Extract each line of the material that follows exactly and omit its pictures.

Available data:
= Beginning of Section =
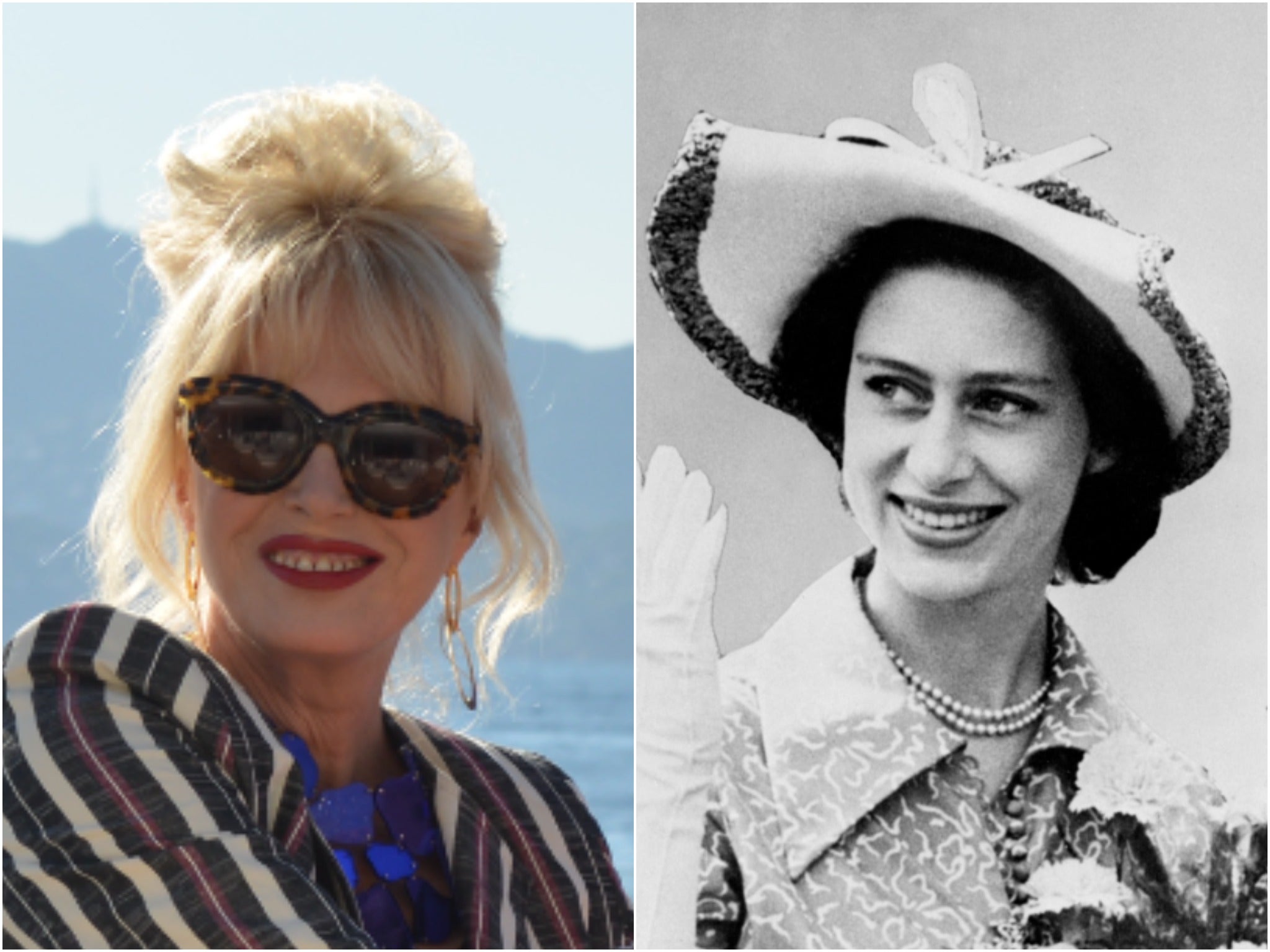 <p>Joanna Lumley and Princess Margaret</p>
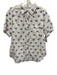 Pilcro Size Medium Blue, Green, White Cotton Blend Short Puff Sleeve Floral Top Blue, Green, White / Medium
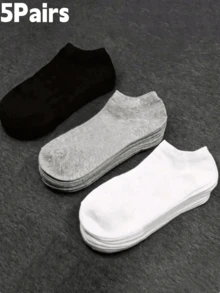 15/10/5/3/1 Pairs Men's Simple Solid Color Low-Cut Moisture-Wicking Breathable Invisible Socks Suitable For All Seasons - Multicolor - View 18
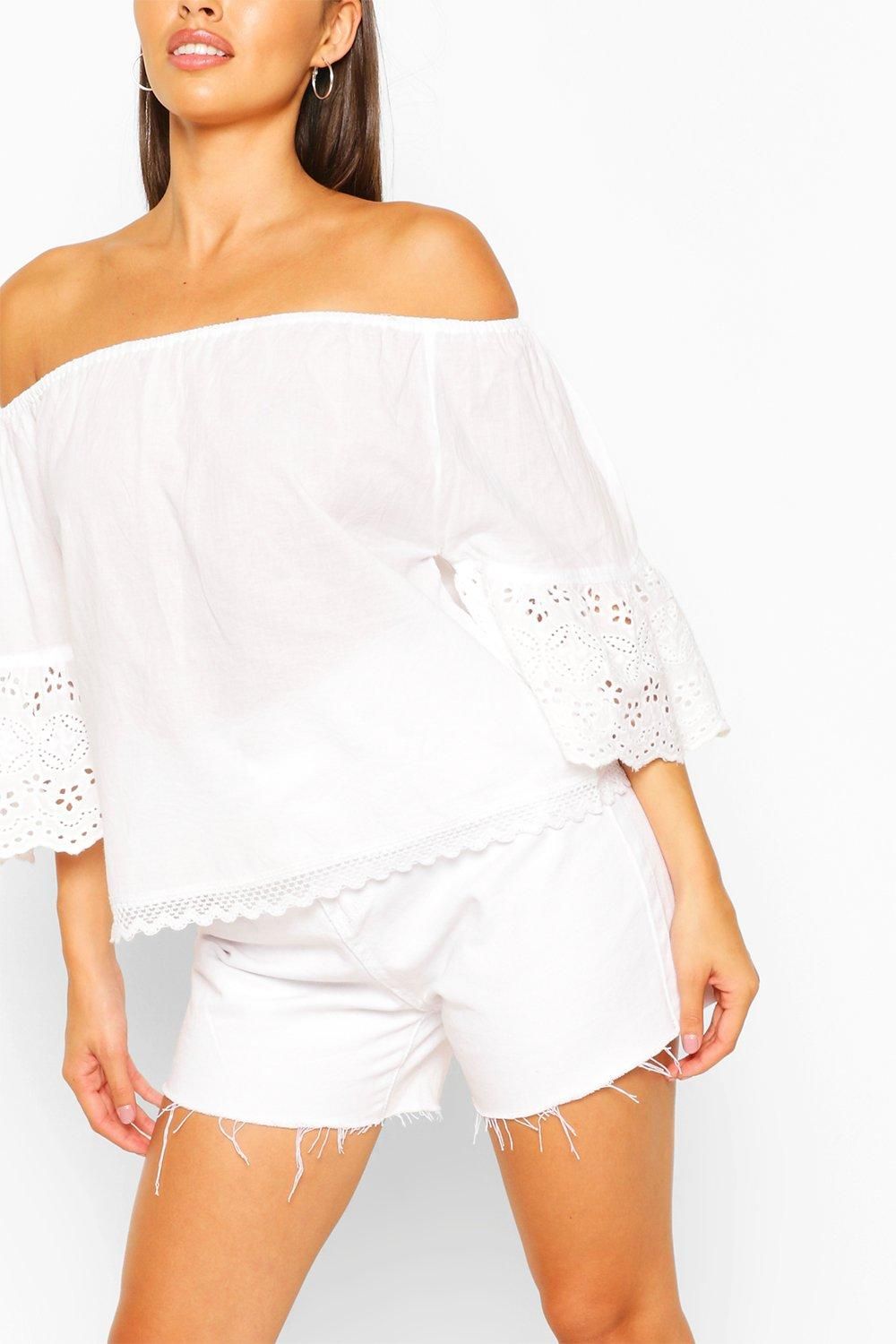 Womens Off The Shoulder Eyelet Trim Woven Top - White - S | Boohoo.com (US & CA)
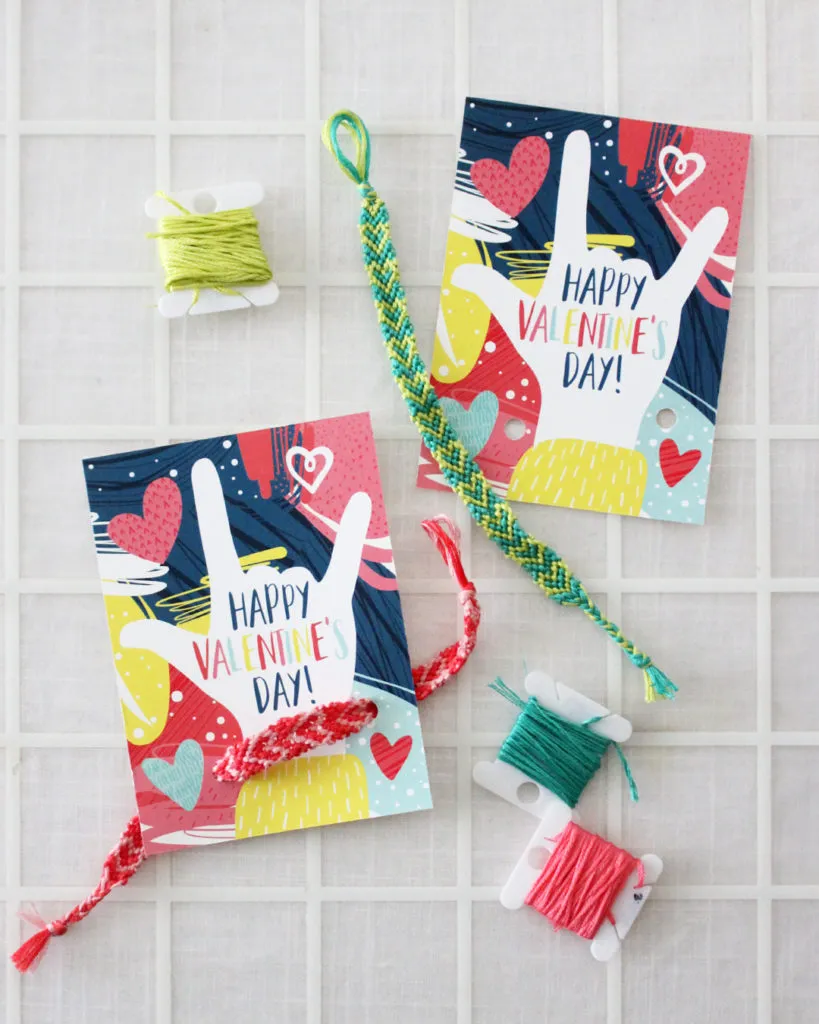 Friendship Bracelet Valentines Printable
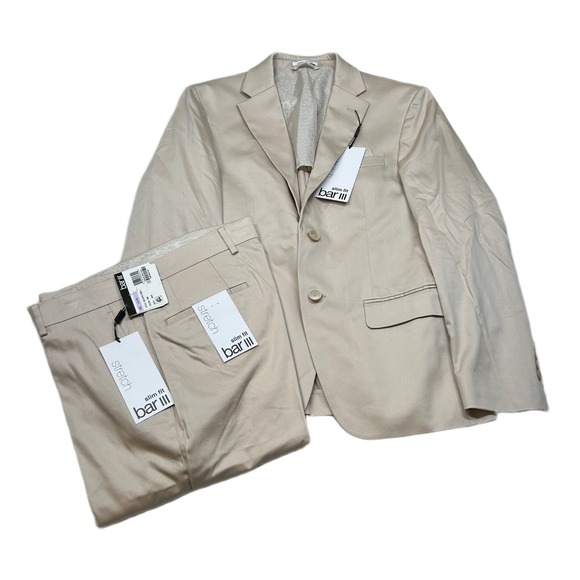 Bar III Slim Fit Suit Mens 38S 2 Piece Pants 32x30 Tan Cotton Stretch $495 - Picture 1 of 16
= End of Section =
Task solution:
 <p>Joanna Lumley and Princess Margaret</p>
 Pilcro Size Medium Blue, Green, White Cotton Blend Short Puff Sleeve Floral Top Blue, Green, White / Medium
 15/10/5/3/1 Pairs Men's Simple Solid Color Low-Cut Moisture-Wicking Breathable Invisible Socks Suitable For All Seasons - Multicolor - View 18
 Womens Off The Shoulder Eyelet Trim Woven Top - White - S | Boohoo.com (US & CA)
 Friendship Bracelet Valentines Printable
 Bar III Slim Fit Suit Mens 38S 2 Piece Pants 32x30 Tan Cotton Stretch $495 - Picture 1 of 16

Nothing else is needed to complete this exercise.